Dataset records
● ● ● ●

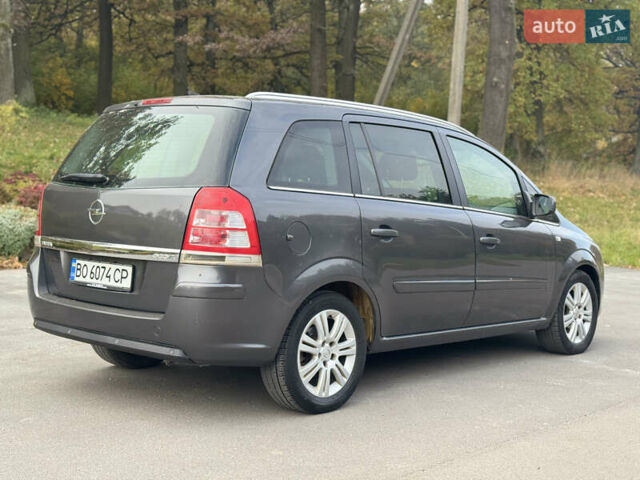 Опель Зафира 2011 в Тернополе на Automoto.ua Серый Опель Зафира, объемом двигателя 1.69 л и пробегом 220 тыс. км за 6500 $, фото 38 на Automoto.ua
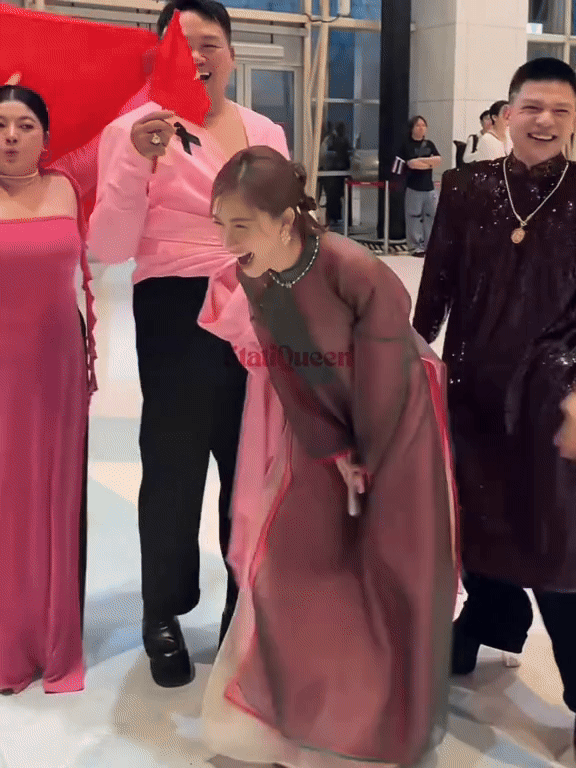 Hòa Minzy đâm đầu vào thị phi- Ảnh 2. Hòa Minzy đâm đầu vào thị phi- Ảnh 2.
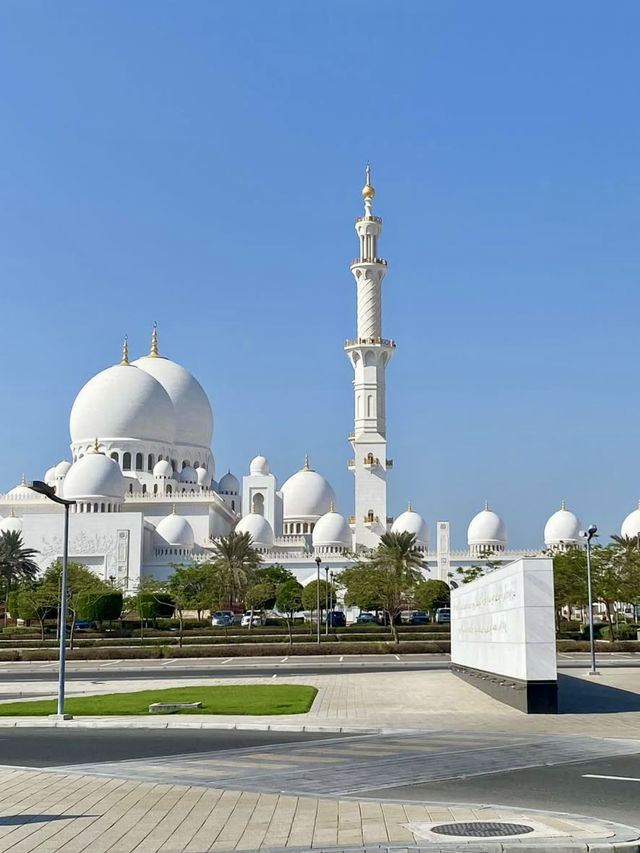 A Peaceful Walk in Abu Dhabi – Marble, Light & Quiet Grandeur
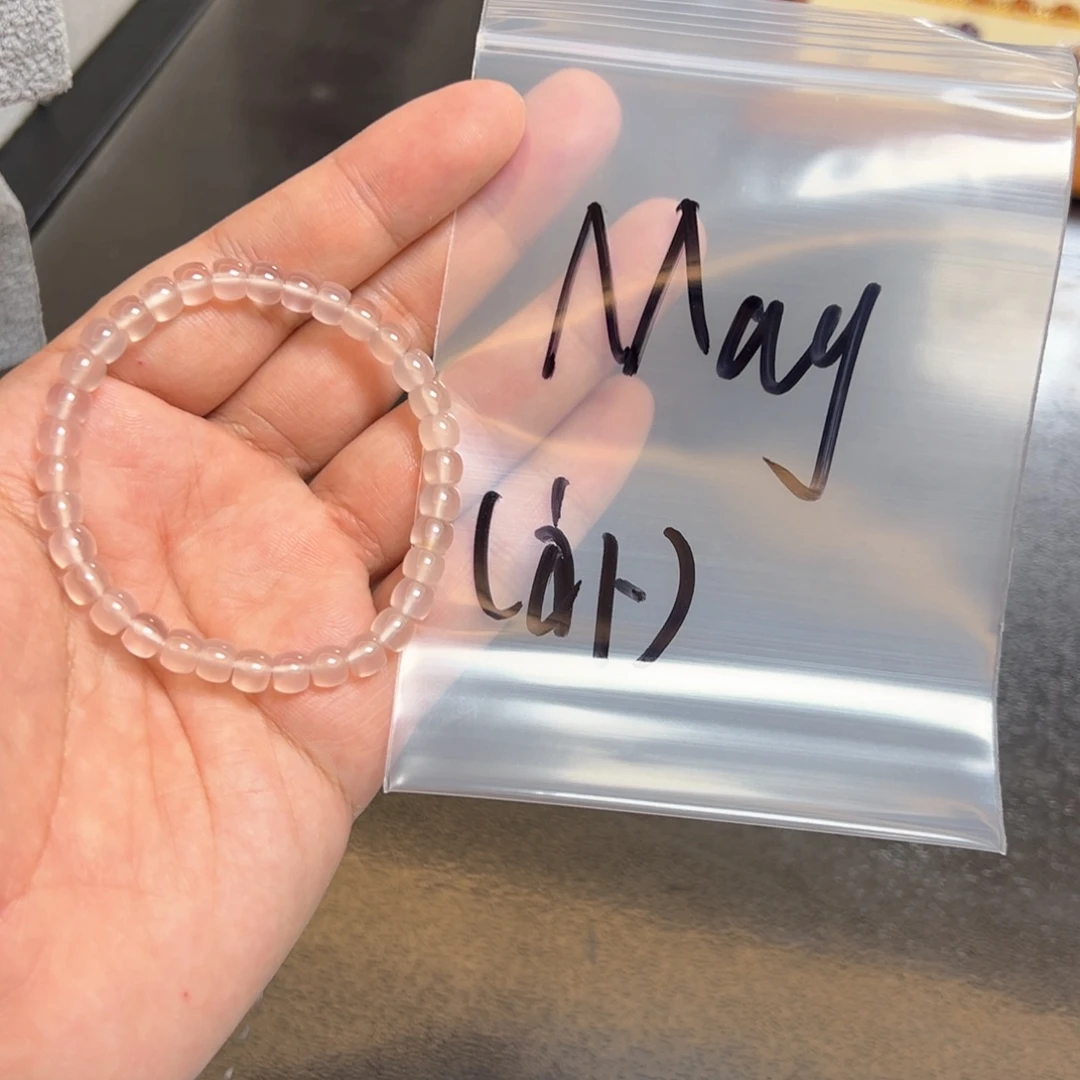 M***、玛瑙/玉髓未镶嵌珠宝半成品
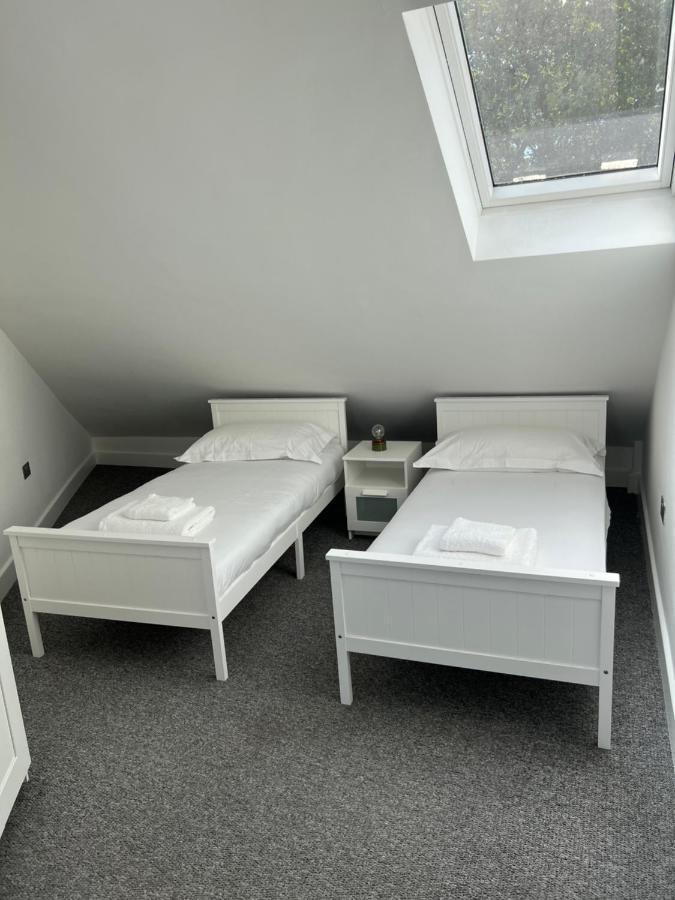 2 Bedroom Flat Londra Exterior foto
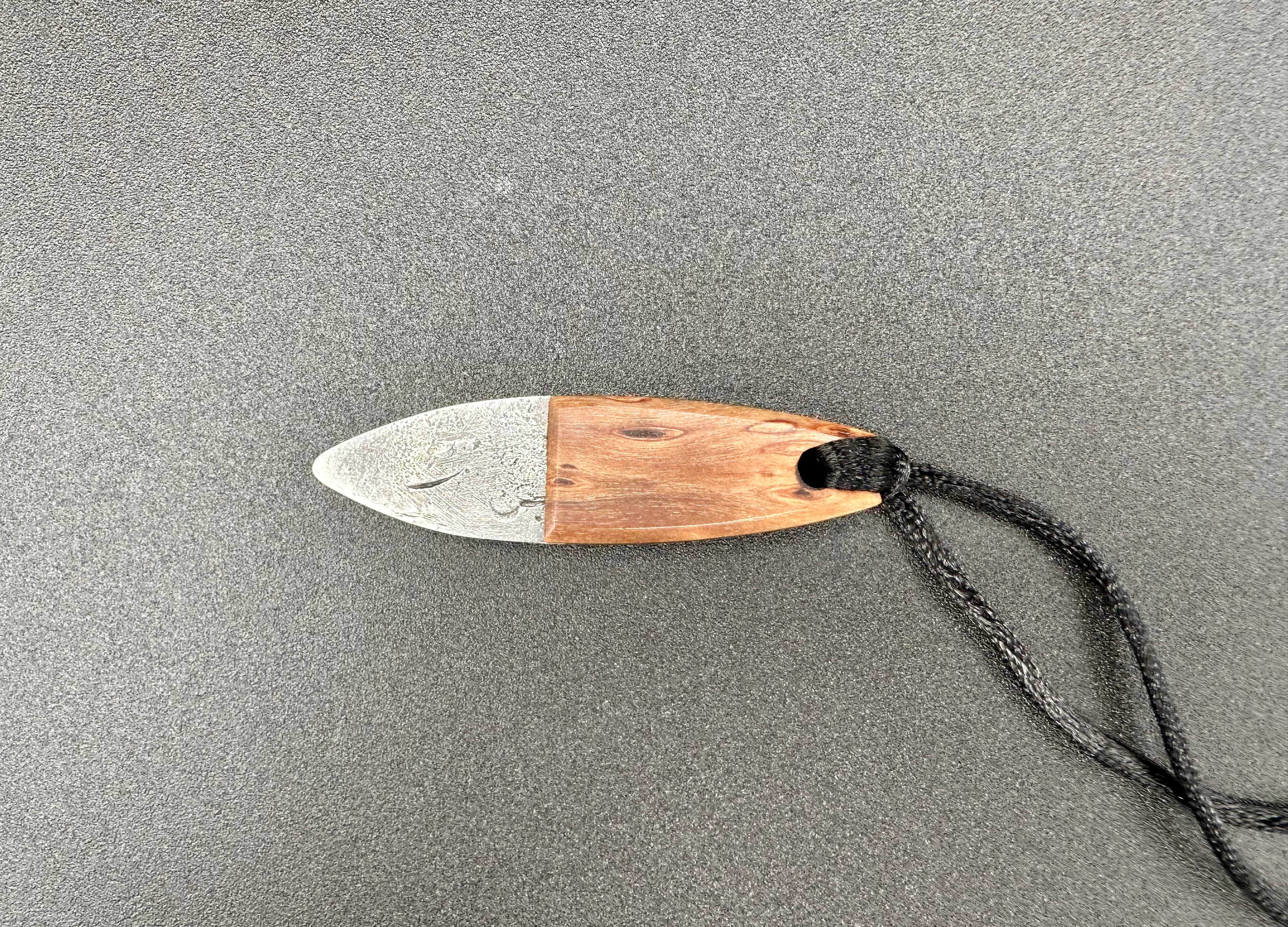Le Sciotot pendentif Inox et Bouleau Madré stabilisé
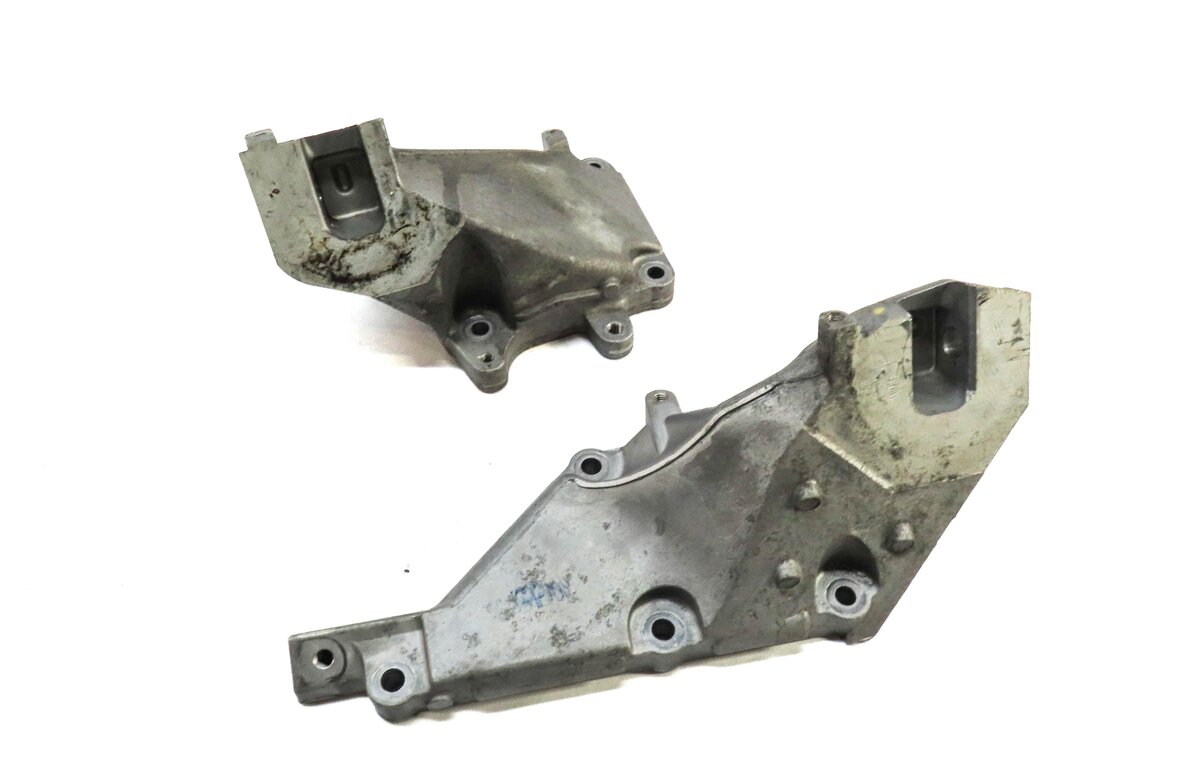 2013 MERCEDES ML550 W166 4.6L TURBO M278 ENGINE LEFT RIGHT MOTOR MOUNT BRACKET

● ● ● ●

To do:
Return the records above verbatim, images excluded.

Written response:
 Опель Зафира 2011 в Тернополе на Automoto.ua Серый Опель Зафира, объемом двигателя 1.69 л и пробегом 220 тыс. км за 6500 $, фото 38 на Automoto.ua
 Hòa Minzy đâm đầu vào thị phi- Ảnh 2. Hòa Minzy đâm đầu vào thị phi- Ảnh 2.
 A Peaceful Walk in Abu Dhabi – Marble, Light & Quiet Grandeur
 M***、玛瑙/玉髓未镶嵌珠宝半成品
 2 Bedroom Flat Londra Exterior foto
Le Sciotot pendentif Inox et Bouleau Madré stabilisé
 2013 MERCEDES ML550 W166 4.6L TURBO M278 ENGINE LEFT RIGHT MOTOR MOUNT BRACKET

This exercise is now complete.